Extracting Road and Canal Networks from Aerial Imagery.
Left: Aerial Image. Middle: A U-Net introduces a gap where the road is partially occluded. Right: Our method fixes this.

Extracting Road and Canal Networks from Aerial Imagery.

Reconstruction of road networks from aerial images is a classic computer vision problem, which remains actively studied to this day.   By contrast, the reconstruction of drainage canals has so far remained out of focus of most of the vision community. However, it is of crucial importance for hydrologic analysis, which is becoming ever more important at a time of rapid climate change. Due to their network-like structure, canals are amenable to reconstruction by the same algorithms as roads, and we address these two problems jointly.

Most of the existing approaches rely on convolutional networks to extract from images binary masks denoting which pixels belong to roads and which do not. Unfortunately, they do not guarantee that the connectivity of the produced masks corresponds to that of the real road network. 

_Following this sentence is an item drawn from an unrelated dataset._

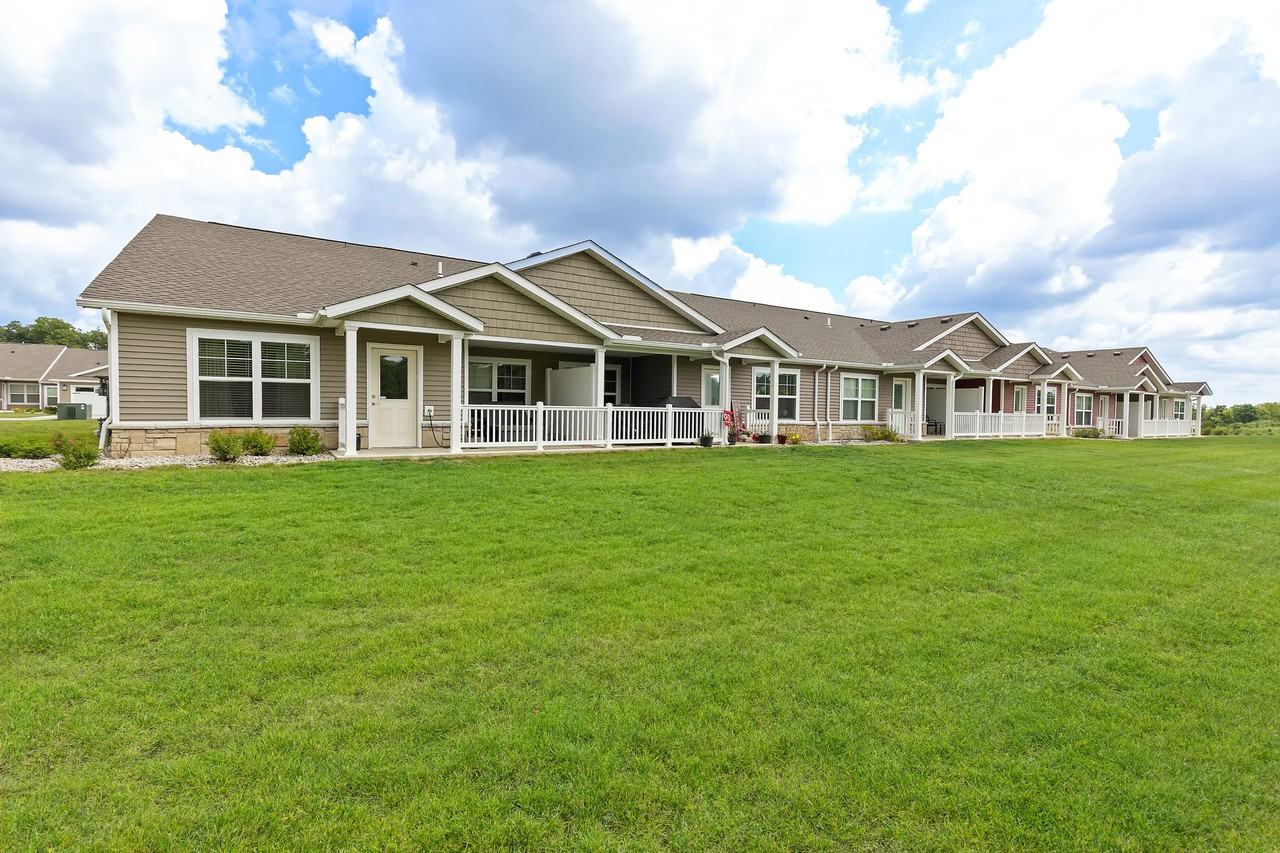 Redwood Vandalia - Photo 3 of 20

This is because these methods are trained to minimize losses, such as cross-entropy and mean squared error, that do not explicitly enforce topological consistency. When the annotations do not perfectly coincide with the imaged structures, which is always the case of satellite image annotations, networks trained with the per-pixel losses produce binary masks plagued by topological errors, such as road interruptions, missed junctions, and false positive connections.

In recent literature, this problem has been addressed by combining a convolutional encoder with a decoder that represents a network of roads as a graph, as opposed to a binary mask. At inference time, the graph is grown iteratively: At each step, the neural network adds a new node to the graph by taking image features and the current state of the graph into account. By contrast to the approach based on representing a road map as a binary mask, these graph-based methods make it easy to prevent excessively penalizing predicted roads that deviate slightly from their ground truth models, and to account for existing connectivity when growing the graph.

However, the non-differentiability of the node insertion operation makes training these networks more difficult and brittle than training convnets. In a paper to appear in PAMI, we show that the connectivity of road and drainage canal networks can be enforced directly on a convolutional neural net, in a fully differentiable manner, and without the need to represent the graph explicitly. This allows end-to-end training and results in increased performance. Our algorithm has been used by our Stanford colleagues to model drainage canals across Southeast Asian peatlands to reveal widespread hydrologic disturbances, as reported in paper to appear in AGU Advances.

Our approach involves relaxing the usual requirement of coincidence of annotated and predicted foreground pixels. Instead, we require that predictions contain uninterrupted sequences of foreground pixels that can deviate by a few pixels from the ground-truth annotations. This enforces connectivity while dealing with possibly imprecise annotations.